Ask many American historians for a short answer why the CIO was so successful in the 30s, and they may answer: because of the NLRA, hesitance of local, state, and federal governments to take the politically inexpedient step of supporting industry, and, most importantly, a mass of desperate workers imbued with a newfound distrust for the system that had betrayed them. This is essentially the answer Lizabeth Cohen arrives at; she simply takes a circuitous-if enjoyable-path to reach it. She provides a complex, nuanced answer in a place where a simple answer might do. Perhaps she's asking a different question than it appears she is. The title of her book, Making a New Deal: Industrial Workers in Chicago, 1919-1939, implies that she's looking at a topic broader than the unionization of Chicago factories, but by bookending her many salient and though-provoking claims with the tales of 1919's failed strike and the CIO's ascendancy in the 1930s, she is limiting the scope of her book far too narrowly. Nonetheless, nothing is intrinsically wrong with any of Cohen's arguments and she provides a fascinating window into the mind of America's urban, industrial workforce during the depression.
Customer Rating:      Summary: In-depth Analysis of Chicago and Chicagoans Comment: Cohen's work based on her Ph.D. Dissertation at UC-Berkeley proves to be a comprehensive, engaging, and insightful look into popular culture in 1920s and 1930s Chicago. She moves seamlessly from labor history to cultural history to ethnic history without losing the reader by including helpful charts, figures, and photographs. Her section on the nature of mass media and mass consumption undoubtedly provides evidence of her writing style in The American Pageant. Cohen does not create a delineation between immigrants that came to the area and natives of the Chicago area, which goes a long way in terms of bias. She covers African-Americans, Polish, Italians, and Jews without being critical one way or the other. Each chapter seems to be able to live by itself, which gives the book a flavor of being a compendium of papers instead of a conjoined work. All in all, Cohen does a wonderful job examining Chicago and Chicagoans whatever their ethnicity may be.
Customer Rating:      Summary: Outstanding view of workers in Chicago between the wars Comment: Making a New Deal is an absolutely incredible look at workers during the Interwar period in Chicago. Cohen has crafted a monumental work that not only covers workers political and union organization but also covers the changes in their lives resulting from societal changes such as the advent of radio and the chain store. What's particularly appealing and interesting about this book is also what it says about modern times. Cohen discusses that due to the advent of radio and national networks, fewer workers got their local and world news from ethnic newspapers or other papers in Chicago. As can be seen from this, the current lement concerning the consolidation of newspapers, TV and radio stations isn't new, it began even in the 1930s. Also interesting is how many immigrant parents worried about their children becoming influenced by American culture that they did not understand, particularly clubs, dance halls and radio music. Cohen's work is profoundly important and most of the book is a great read.

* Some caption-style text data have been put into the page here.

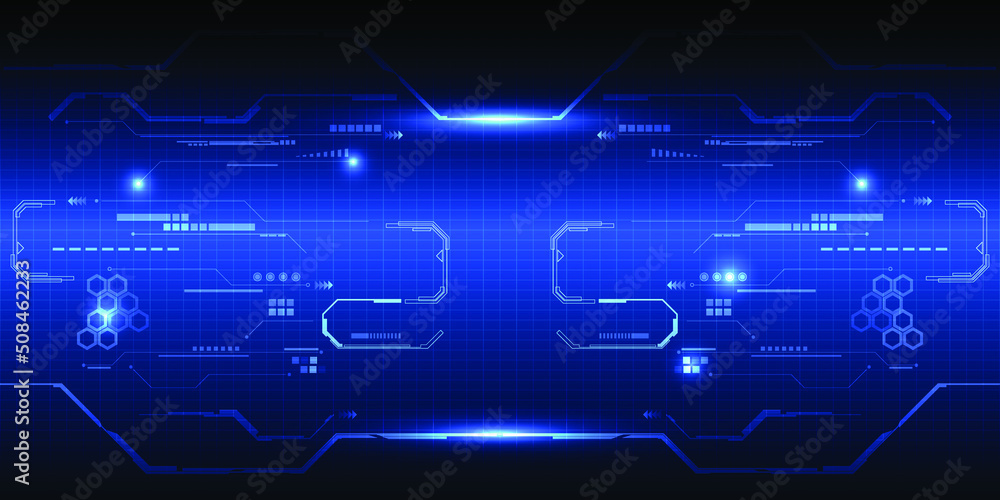 Poster vector illustration of digital element grid line circuit for advertising and game animation producti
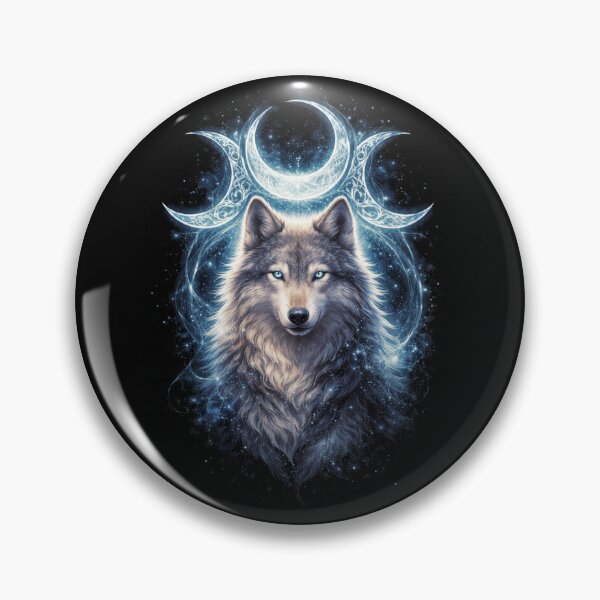 Item preview, Magical Blue Wolf With Three Moons Gift For Animals Lovers designed and sold by MiraAmiStudio.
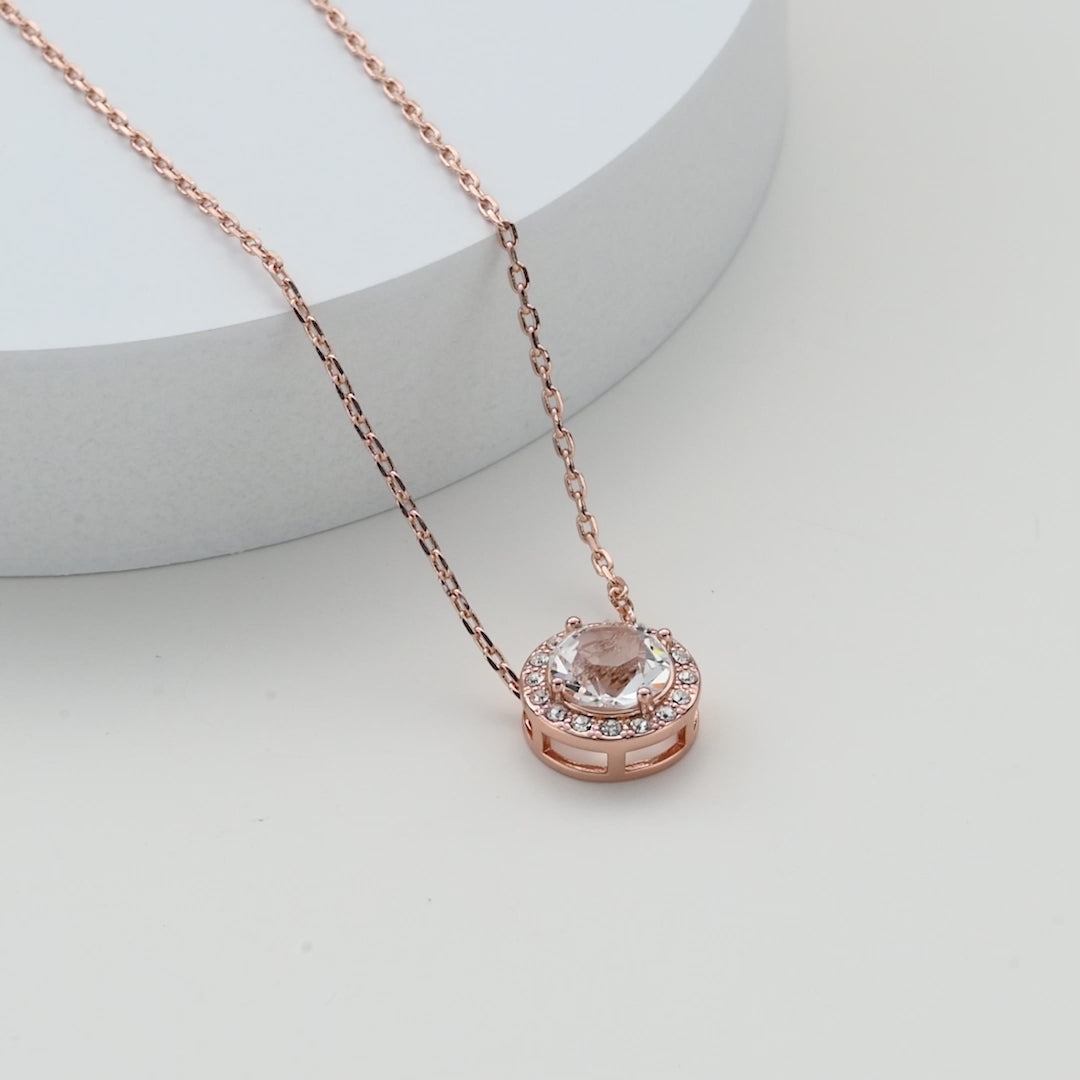 Rose Gold Plated Halo Necklace Created with Zircondia® Crystals Video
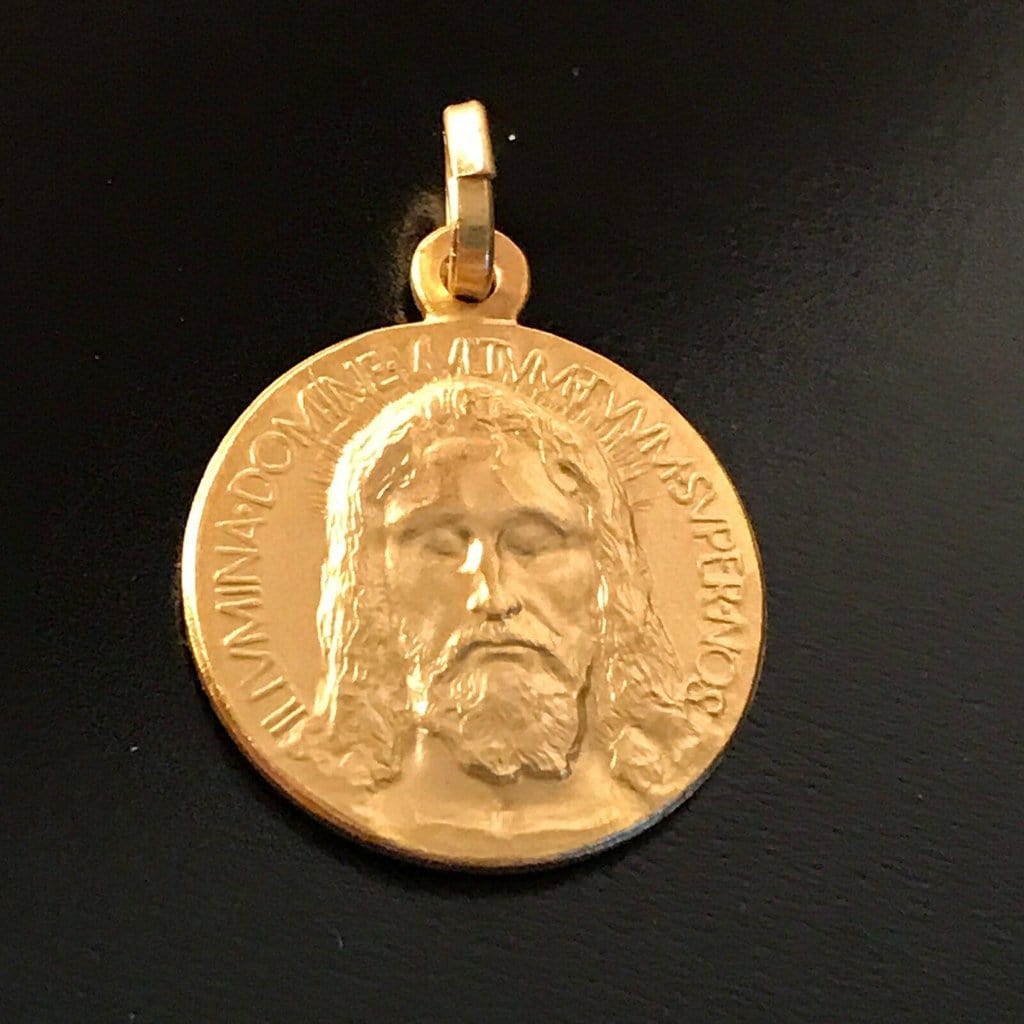 Gold Medal Over Sterling 925 Holy Face Of Jesus - Holy Shroud - Oviedo Sindone-Catholically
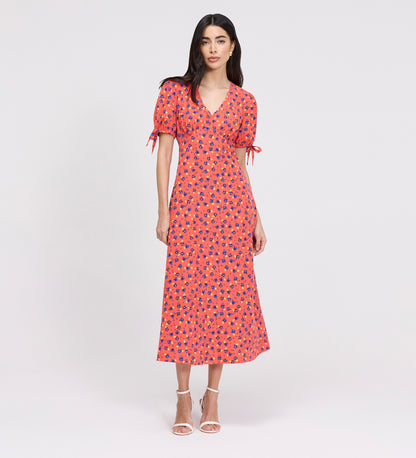 Gabriella Coral Floral Bow Detail Empire Waist Midi Dress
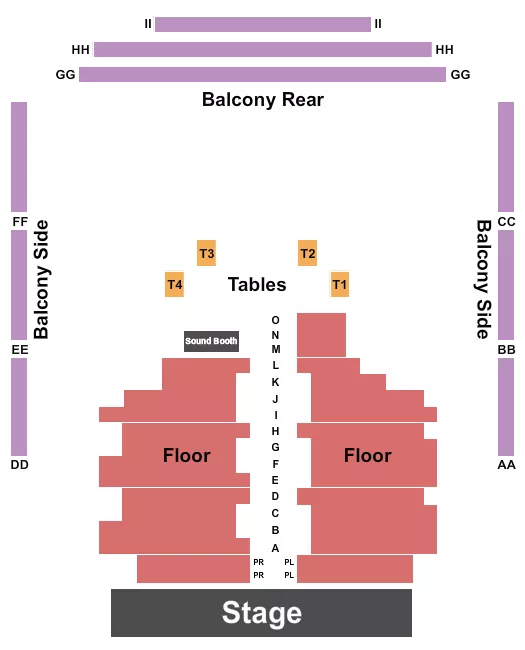 ENDSTAGE FLOOR Seating Map Seating Chart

Customer Rating:      Summary: A superior book on labor, ethnicity, and politics Comment: A well-researched and original book describing the shifting allegiances of Chicago workers from ethnic help societies to their welfare capitalist employers to finally the US government. In addition to the subject of the growing labor movement, the book is also a great survey of the various ethnic/racial groups of 1920s Chicago and their differing experiences with Americanization. There is a book I would like to recommend as a virtual "sequel" to this one. The Origins of the Urban Crisis by Thomas Sugrue. While Cohen's book is about the creation of the New Deal coalition in the factory neighborhoods and towns of Chicago, Sugrue's book is about the disappearance of the factories and the departure from the Democratic coalition in the 1960s of the same groups who joined it in the 30s. Sugrue's book also won a Bancroft prize and if you like one you will surely like the other.